Linux NFS development
 help / color / mirror / Atom feed
From: Chuck Lever <cel@kernel.org>
To: neil@brown.name
Cc: Jeff Layton <jlayton@kernel.org>,
	Olga Kornievskaia <okorniev@redhat.com>,
	Dai Ngo <dai.ngo@oracle.com>, Tom Talpey <tom@talpey.com>,
	linux-nfs@vger.kernel.org, Chuck Lever <chuck.lever@oracle.com>,
	Mike Snitzer <snitzer@kernel.org>
Subject: Re: [PATCH v1 3/3] NFSD: Implement NFSD_IO_DIRECT for NFS READ
Date: Tue, 9 Sep 2025 19:39:54 -0400	[thread overview]
Message-ID: <bb2c9e28-fc38-4990-b881-b652bcccd405@kernel.org> (raw)
In-Reply-To: <175746104715.2850467.8246435920764028613@noble.neil.brown.name>

On 9/9/25 7:37 PM, NeilBrown wrote:
> On Wed, 10 Sep 2025, Chuck Lever wrote:
>> From: Chuck Lever <chuck.lever@oracle.com>
>>
>> Add an experimental option that forces NFS READ operations to use
>> direct I/O instead of reading through the NFS server's page cache.
>>
>> There are already other layers of caching:
>>  - The page cache on NFS clients
>>  - The block device underlying the exported file system
>>
>> The server's page cache, in many cases, is unlikely to provide
>> additional benefit.
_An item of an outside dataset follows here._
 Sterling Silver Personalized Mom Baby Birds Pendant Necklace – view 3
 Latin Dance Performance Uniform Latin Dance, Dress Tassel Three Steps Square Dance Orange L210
Some benchmarks have demonstrated that the
>> server's page cache is actively detrimental for workloads whose
>> working set is larger than the server's available physical memory.
>>
>> For instance, on small NFS servers, cached NFS file content can
>> squeeze out local memory consumers. For large sequential workloads,
>> an enormous amount of data flows into and out of the page cache
>> and is consumed by NFS clients exactly once -- caching that data
>> is expensive to do and totally valueless.
>>
>> For now this is a hidden option that can be enabled on test
>> systems for benchmarking. In the longer term, this option might
>> be enabled persistently or per-export. When the exported file
>> system does not support direct I/O, NFSD falls back to using
>> either DONTCACHE or buffered I/O to fulfill NFS READ requests.
>>
>> Suggested-by: Mike Snitzer <snitzer@kernel.org>
>> Signed-off-by: Chuck Lever <chuck.lever@oracle.com>
>> ---
>>  fs/nfsd/debugfs.c |  2 ++
>>  fs/nfsd/nfsd.h    |  1 +
>>  fs/nfsd/trace.h   |  1 +
>>  fs/nfsd/vfs.c     | 78 +++++++++++++++++++++++++++++++++++++++++++++++
>>  4 files changed, 82 insertions(+)
>>
>> diff --git a/fs/nfsd/debugfs.c b/fs/nfsd/debugfs.c
>> index ed2b9e066206..00eb1ecef6ac 100644
>> --- a/fs/nfsd/debugfs.c
>> +++ b/fs/nfsd/debugfs.c
>> @@ -44,6 +44,7 @@ DEFINE_DEBUGFS_ATTRIBUTE(nfsd_dsr_fops, nfsd_dsr_get, nfsd_dsr_set, "%llu\n");
>>   * Contents:
>>   *   %0: NFS READ will use buffered IO
>>   *   %1: NFS READ will use dontcache (buffered IO w/ dropbehind)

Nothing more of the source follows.